あくまで経験的な「傾向」なので、単純な一般化は危険であるが、たとえばどういうことかというと、

  • 黒人の患者さんの間ではDepo Provera (3ヶ月に1度の注射薬による避妊)愛用者が他の人種より多い。これには、体重増加を気にしない or むしろ体重増加を好ましいとさえ考える人の割合が黒人の中で多い、という要因がある。また3ヶ月に1度という簡便性、また無月経という簡便性もしばしば好まれている。(一方で、月経が毎月なきゃ嫌だ!という人もいる。)
  • 一方白人患者さんの場合は、体重増加の可能性がある避妊方法は嫌われる傾向がある。
他にこぼれ話として、
  • 地域によっては、遅くても20歳までに第1子を産んでいるのが一般的なので、19歳くらいの女性が、「私は不妊じゃないか」と相談に来ることも珍しくない。
  • 高校や大学卒業などの患者さん本人の目標達成までの3−5年という間、LARC を使えば妊娠の心配なく過ごせるのだ、という事実をもっともっと伝えて行きたいが、未だに未経妊/未経産の女性にIUD/IUSを使うことをよしとしない医師が周りにいて困る。(私はそういうことないが。)
  • 避妊薬による軽度の副作用やまれな副作用を恐れるがあまり、避妊しなかったり効果の低い避妊法を使っていて予期せぬ妊娠を招いてしまうという「副作用」を過小評価している患者さんが多い。(←きわめて同感。特に、肥満、もともとの慢性疾患などがある場合はなおさら。)

2014年5月8日木曜日

初めから完璧な関係などない

どんな避妊方法でも使い始めにはいくつか軽い副作用がでることがあるが、それを事前に説明するにあたり、私は新しい靴のたとえをよく用いる。

あるNPはちょっと別のたとえを紹介してくれた。

「どんな親友や彼氏彼女でも、はなからパーフェクトにうまく行くなんてことはないでしょ。(Whether it's your best friend or your boyfriend, a relationship is never perfect from the beginning.) 
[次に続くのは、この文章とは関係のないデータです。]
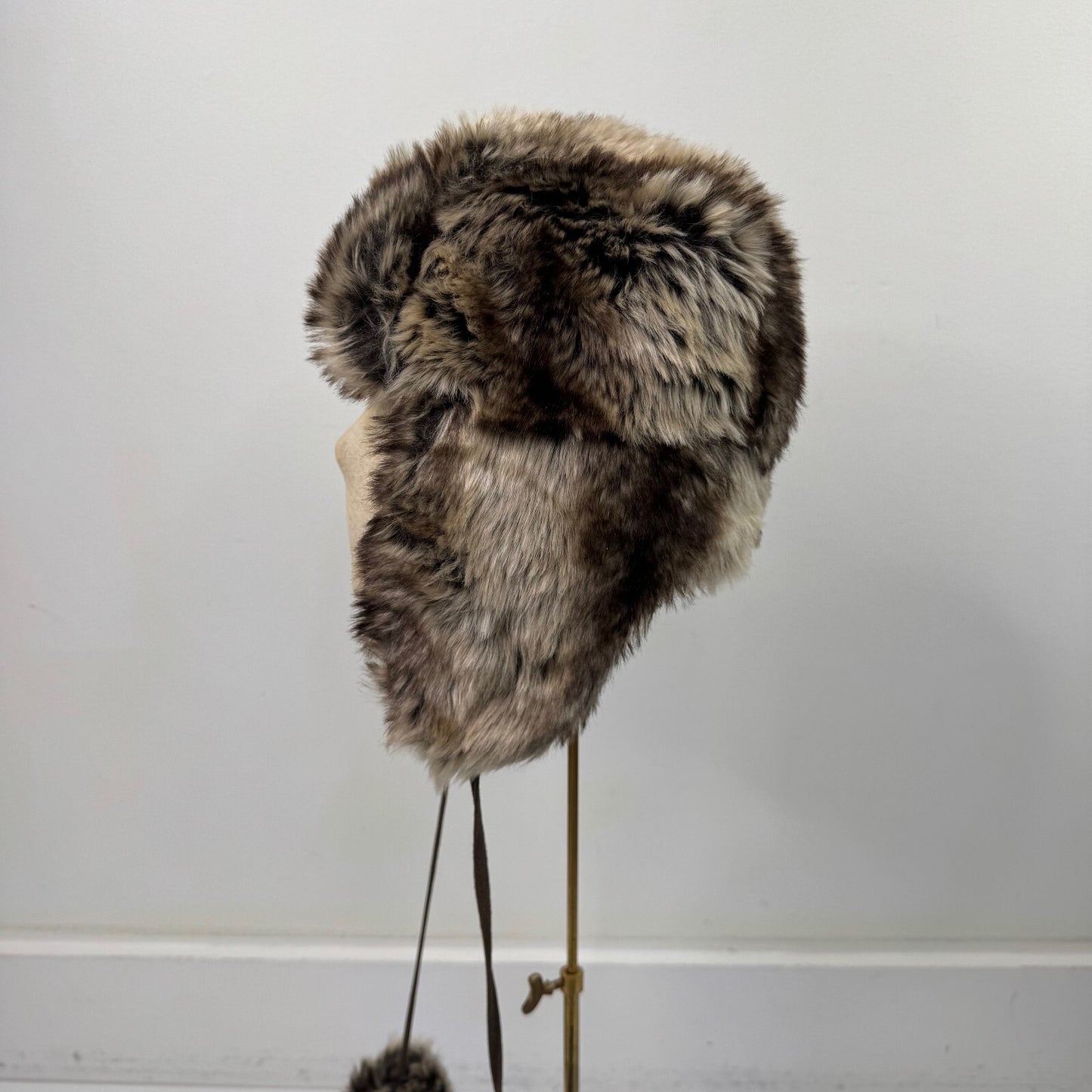 Y2K vintage trapper hat faux fur pom poms brown two tone unisex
いざこざあったり、けんかしたりして、やがていい関係になっていきますよね。

同じように避妊薬との関係 (relationship) も似ていて、最初はぎこちないことがあるかもしれないけど、付き合っているうちにだんだん慣れてうまくいきますよ。」

(このたとえもなかなかよいでないの!)

そしてどういう副作用が起こりうるか、いつ頃落ち着くことが多いかなどを適宜説明。また副作用症状が強かったり、問題が続くときは、打つ手があるのだ、ということも解説。

患者さんにとって、こういう「見通し」が持てることはとても大事と思う。どういう事態になったらクリニックに連絡しないといけないか、どの程度だったら様子見てていいか。過剰に「大丈夫」と言うのでもなく、かといって、恐怖心ばかりかきたてるのでもなく、ちょうどいい塩梅が求められる。